» **What you are asked to do**
Beginning with the line of the entries below that holds "L'abbaye Sainte-Croix de" and ending with the line that holds "Innenansicht der Kirche", transcribe each line exactly as written. Pictures stay out.

» **Data section**
══════════════════════════════
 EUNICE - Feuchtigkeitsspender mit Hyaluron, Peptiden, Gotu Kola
══════════════════════════════
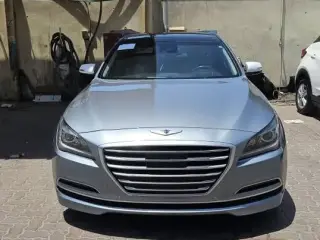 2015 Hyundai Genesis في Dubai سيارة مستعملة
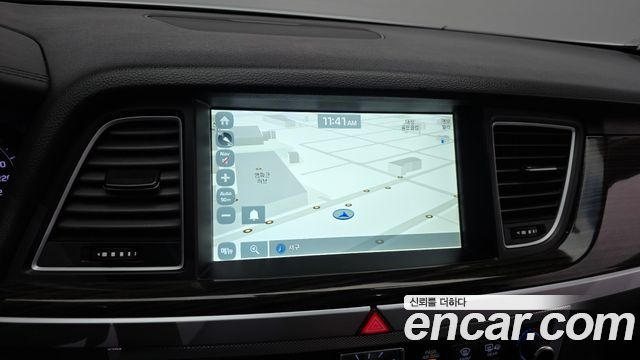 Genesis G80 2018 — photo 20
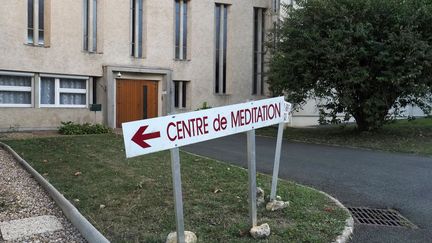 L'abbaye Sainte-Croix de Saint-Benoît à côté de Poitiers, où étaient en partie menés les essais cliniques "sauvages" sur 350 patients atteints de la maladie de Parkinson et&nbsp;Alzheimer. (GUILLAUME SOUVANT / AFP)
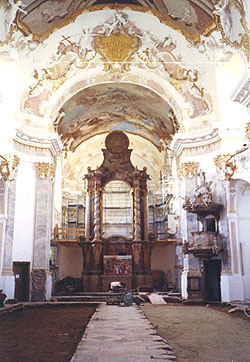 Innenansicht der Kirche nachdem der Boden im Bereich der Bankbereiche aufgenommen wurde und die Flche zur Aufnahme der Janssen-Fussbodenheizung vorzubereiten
══════════════════════════════
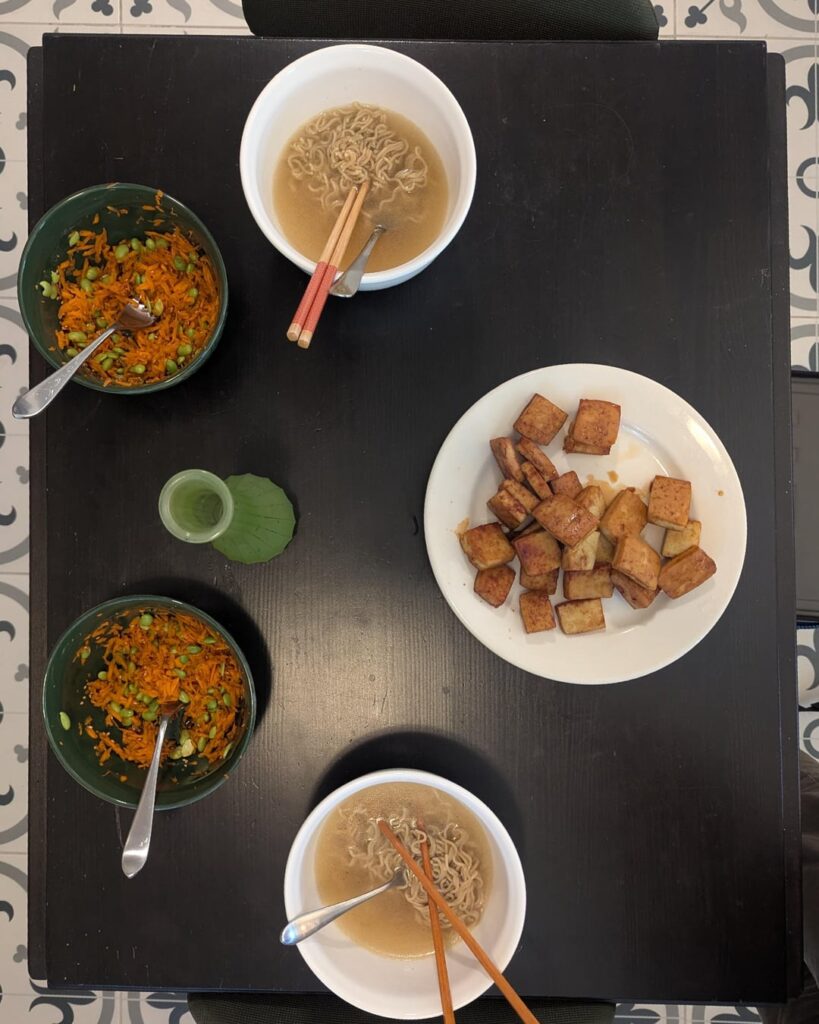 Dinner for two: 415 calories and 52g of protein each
══════════════════════════════
» **Task solution**
 L'abbaye Sainte-Croix de Saint-Benoît à côté de Poitiers, où étaient en partie menés les essais cliniques "sauvages" sur 350 patients atteints de la maladie de Parkinson et&nbsp;Alzheimer. (GUILLAUME SOUVANT / AFP)
 Innenansicht der Kirche nachdem der Boden im Bereich der Bankbereiche aufgenommen wurde und die Flche zur Aufnahme der Janssen-Fussbodenheizung vorzubereiten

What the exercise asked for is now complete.